The Cabrillo Marine Museum plans a whale of a fiesta.

The Pacific gray whales have forsaken the South Bay coastline after their annual 12,000-mile round trip between Alaska and Baja California.

But the huge mammals that thrill so many whale-watchers are far from forgotten, especially at San Pedro's Cabrillo Marine Museum, which stages its 20th annual Whale Fiesta on Saturday from 10 a.m. to 4:30 p.m.

Carnival games with whale themes, marine exhibits and talks by whale experts as well as the sculpting of a life-size whale in beach sand, combine to make the fiesta a way for families to have fun learning about whales and other sea life.

Larry Fukuhara, who directs the fair for the museum, said the event was started to celebrate the end of each whale migration season and is now more popular than ever. "There is a lot going on now in ecological and environmental awareness," he said. "A lot of people are into whales and the ocean."

Sculpting a whale in sand on the beach in front of the museum is the predictable highlight of every fiesta. People are invited to bring buckets and shovels and join in creating a 35-foot gray whale with its accompanying dolphins.

Carson High School teacher Bill Samaras will direct the band of impromptu artists as they turn mounds of sand into the figure of a whale. "He gets out there, maps it out, and tells people which end to build up, which end to tear down and when to smooth it out," said Dan Zambrano, a museum aquarist who is helping put on the fiesta.

A city helicopter will fly over and take a picture of the finished whale and its creators at about 4 p.m. Zambrano said the museum keeps the whale intact for a couple of days, but "then wind blows it, people start walking on it."

In addition to the large sculpting project, the museum will provide a special beach area for small children, so they can create their own little sand whales. "We hope to keep them from getting crushed in the melee," Zambrano said.

Another outdoor whale will also draw those attending the fiesta, this time to the museum parking lot, where a 100 foot-long, life-sized blue whale will be painted on the macadam. A staff member has a Volkswagen Bug, a car that is the size of a blue whale's heart. Of course, it will be parked exactly where the heart ought to be.

A special fiesta event at noon will be the official unveiling of a "spyhopping" gray-whale model as a permanent exhibit in the museum courtyard. The eight-foot tall model shows the life-size head of a whale as it pokes out of the water to look around, the behavior from which it gets its name.

"It's anatomically correct, down to the barnacles, scars, the whole works. People can stand right next to it and run their hands over the barnacles," said Zambrano.

Exhibits Director Mike Schaadt said schoolchildren already are fascinated by the new whale. "They go right up to it, touching it, feeling the barnacles and asking questions. That's what learning is all about," he said.

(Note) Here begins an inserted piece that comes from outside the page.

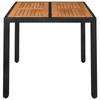 VidaXL Garden Table Wood Top Black 90x90x75 Cm Woven Resin 319897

Children will be able to learn about whales by playing carnival games devised by the museum staff. Zambrano calls them entertainment with a little motivation thrown in. "They help people learn in a less frightening way. It's a little intimidating to walk into a museum and see all the bones. We make a game out of it," he said.

In one ring-toss game, youngsters learn about lice and other parasites that attach to whales by aiming their rings at simulated lice on a simulated whale. Another game relates to the squid diet enjoyed by sperm whales. In it, rubber squid are catapulted into a bucket, which represents a whale's mouth.

Imagination will be rewarded in the "Great Cetacean Creation Sensation Contest," which offers plaques as prizes for creative renditions of whales, dolphins or porpoises. Any kind of material may be used. "The only requirement is that they be less than four-feet long and free-standing," Zambrano said. Entries may be brought to the museum until 10 a.m. Saturday.

In past contests, adults have entered exquisitely carved wooden whales or whales made out of stained glass.

"Children make them out of everything," Zambrano said. "One little girl took two broken potato chips, and the way she arranged them, they looked like a whale."

Rounding out the day's events will be arts and crafts for children, museum presentations, food booths and the sale of sweat shirts and souvenirs. Members of the Los Angeles chapter of the American Cetacean Society, which is co-sponsoring the fiestas with the museum, will be on hand to tell people everything they want to know about whales.

Zambrano said the fiesta is "meant to be a family oriented day, where people can learn things in a very informal and fun way."